Meine Schwester war am Telefon. »Der Konrad ist gestorben«, erzählte sie. Konrad galt bei uns immer als ein Cousin, als Vetter – dabei war er »nur« angeheiratet. Aber er war mit unserer Cousine schon in den 70er-Jahren zusammengekommen, quasi eine Sandkastenliebe, die irgendwann in einer Ehe gemündet hatte.
Ich war ein wenig schockiert. So alt sei er doch gar nicht gewesen. »Gerade mal siebzig«, bestätigte meine Schwester. »Das ist doch kein Alter.« Er sei nicht an Corona gestorben, so viel wisse sie, mehr aber nicht.
Wir unterhielten uns ein wenig über Konrad, den wir beide gemocht hatten. Er hatte mehr als vierzig Jahre zur Familie gehört, und bei den Familienfeiern, die ich ansonsten gehasst hatte, war ich mit seiner konservativen schwäbischen Art sehr gut klargekommen.

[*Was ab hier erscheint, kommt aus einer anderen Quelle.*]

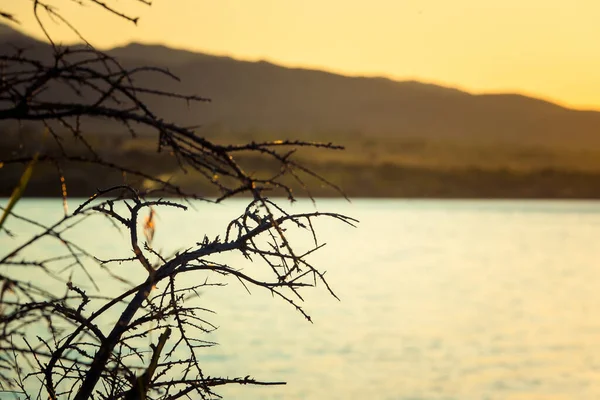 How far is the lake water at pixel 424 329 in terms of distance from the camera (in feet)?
58.7

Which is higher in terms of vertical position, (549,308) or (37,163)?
(549,308)

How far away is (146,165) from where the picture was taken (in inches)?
3199

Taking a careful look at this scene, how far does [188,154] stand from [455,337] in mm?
21881

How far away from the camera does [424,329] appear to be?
993 inches

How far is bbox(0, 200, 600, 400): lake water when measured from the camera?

Ich hasste Beerdigungen, aber zu seiner wäre ich sogar in das Dorf im Schwarzwald gefahren, wo er zu Grabe getragen wurde. Wegen der Pandemie war das allerdings nicht möglich.
Es war der zweite Vetter, der während der Pandemie gestorben war; der andere im vergangenen Herbst. In beiden Familienzweigen hatten wir also einen Todesfall, den wir nicht in der gewohnten Weise »zu Ende« bringen konnten. Beide wohnten in Dörfern im Schwarzwald, beide rund zwei Dutzend Kilometer von dem Dorf entfernt.
Familienfeiern mag ich nicht. Aber beides Mal handelte es sich um Verwandte, die ich gemocht hatte und die ich beide zuletzt bei Beerdigungen anderer Verwandter gesehen hatte. Da wäre ich »gern« bei der Trauerfeier erschienen. So schickt meine Schwester eben eine Karte, in die sie Geld packt, und ich gebe ihr später die Hälfte zurück.
Das ist distanzlos und irgendwie ohne echte Anteilnahme. Das macht es doppelt traurig, finde ich.